De aarde warmt sterk op. Om de opwarming van de aarde tegen te gaan is het noodzakelijk om de uitstoot van broeikasgassen te verminderen. Daarom vindt er nu een volgende energietransitie plaats: van fossiele brandstoffen terug naar hernieuwbare energie. In bovenstaande figuur is te zien dat hernieuwbare energie in Nederland langzaam weer een, vooralsnog kleine, rol begint te spelen in de energievoorziening. Het aandeel hernieuwbare energie stijgt de laatste jaren. In 2020 was het aandeel uit hernieuwbare energie 10% van het primaire energieverbruik. Hernieuwbare energie wordt nu vooral opgewekt met biomassa, wind- en zonne-energie. Het aandeel fossiele energie in de energievoorziening ligt in 2020 rond de 87%. Gezien de schadelijke gevolgen van het verbruik van fossiele brandstoffen moet het aandeel fossiele energie in de komende jaren sterk afnemen ofwel het aandeel hernieuwbare energie moet sterk toenemen.

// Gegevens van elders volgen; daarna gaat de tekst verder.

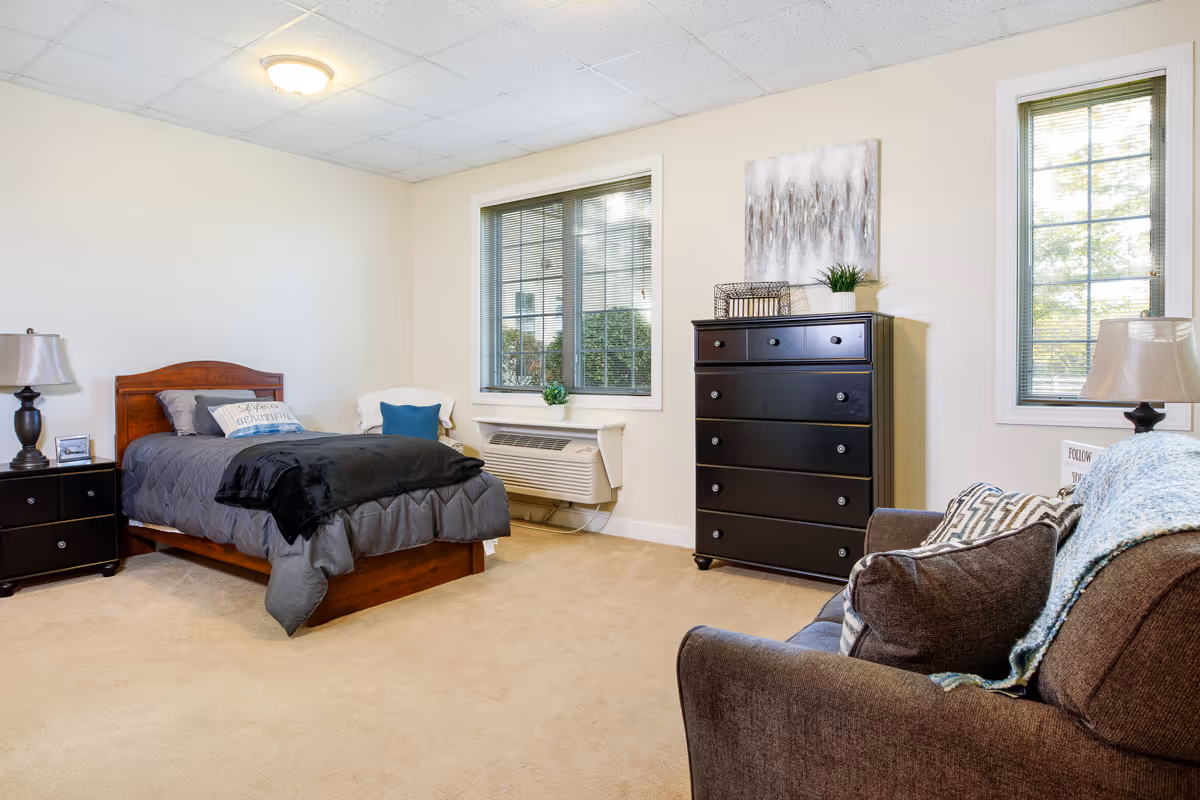 A cozy bedroom in a senior living facility featuring a single wooden bed with gray bedding and a decorative pillow, a dark wooden nightstand with a lamp and picture frame, a dark wooden dresser with decorative items and a painting above it, two windows with blinds, a brown upholstered armchair with cushions and a throw blanket, and beige carpeted floor.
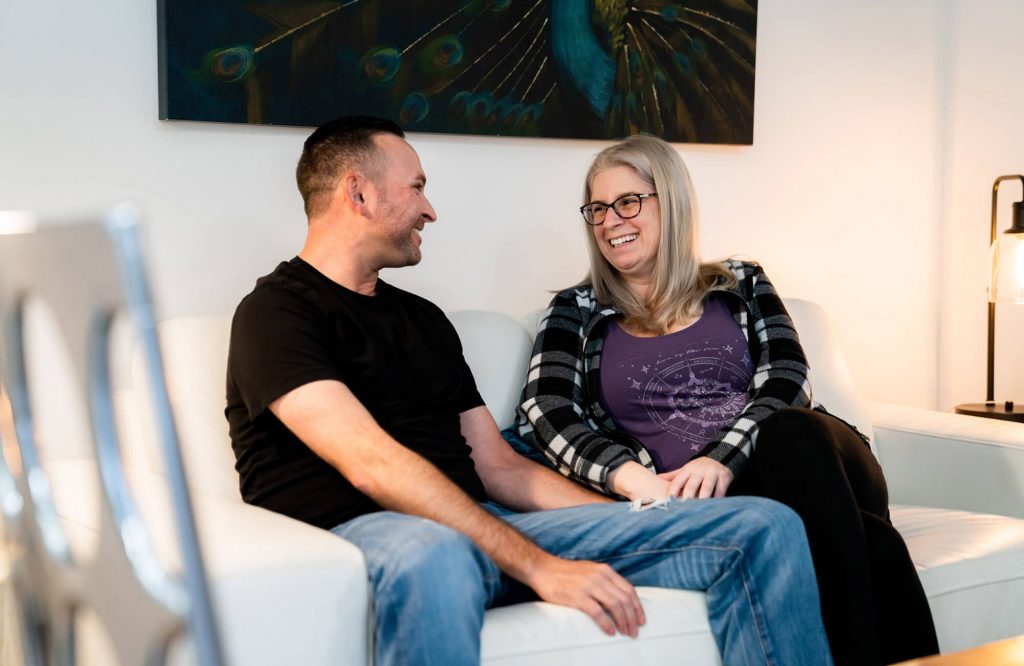 couple on couch smiling at each other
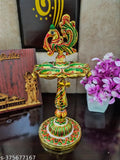Multicolor peacock metal diya stand, handcrafted Indian artifact for home decoration, vibrant showpiece with dimensions: 10cm x 21cm x 10cm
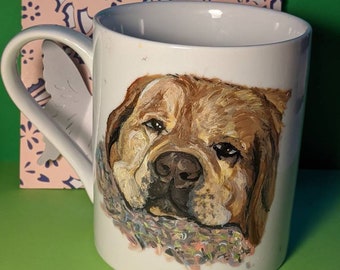 May include: White ceramic mug featuring a painted portrait of a brown dog with a colorful scarf. The handle is shaped like a white wing. A pink and blue patterned card is behind the mug.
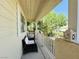 Inviting front porch offering a cozy seating area to enjoy the view at 7729 Natures Song St, Las Vegas, NV 89131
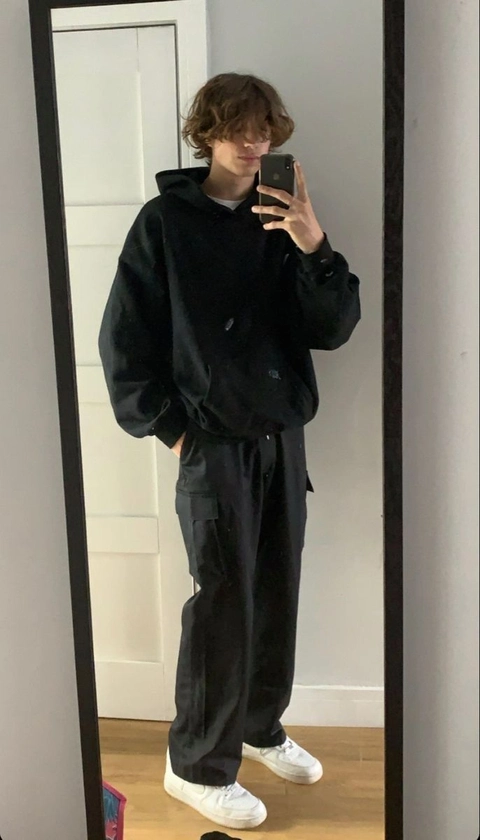 A man taking a selfie in a mirror.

Energietransitie wereldwijd

De verschillende vormen van energie, ofwel de verschillende energiedragers die worden gebruikt, worden wereldwijd vooral opgewekt uit fossiele energiebronnen. De wereld leeft nu in een tijdperk van een andere energietransitie; van fossiele brandstoffen naar hernieuwbare bronnen van energie. Maar dan geen hernieuwbare energie in de vorm van spierkracht zoals in het begin van onze jaartelling. Waterkracht en windenergie worden ook nu gebruikt om energie op te wekken, maar nu met behulp van moderne technieken in de vorm van water- en windturbines. Daarnaast zijn er nog vele andere manieren om hernieuwbare energie op te wekken bijvoorbeeld met zonnecellen, zonnecollectoren en door het vergisten van landbouw- en veeteeltafval.

De toenemende welvaart wereldwijd gaat gepaard met een toename van het energieverbruik. Huishoudens gebruiken voornamelijk energie in de vorm van gas, elektriciteit en autobrandstoffen (benzine en diesel) als energiedrager. In de industrie worden, naast deze energiedragers ook andere soorten energie gebruikt, bijvoorbeeld chemische energie. Energie wordt gebruikt in een veelheid aan industriële processen; elektriciteit is een van de energiedragers die wordt gebruikt om een proces van energie te voorzien. Het belang van het gebruik van elektrische energie in de industrie neemt toe. Enerzijds omdat veel hernieuwbare bronnen elektrische energie leveren en anderzijds om de afhankelijkheid van fossiele brandstoffen te verminderen. De verzameling van elektrische technieken, die in industriële processen worden gebruikt, staan bekend onder de naam elektrotechnologie.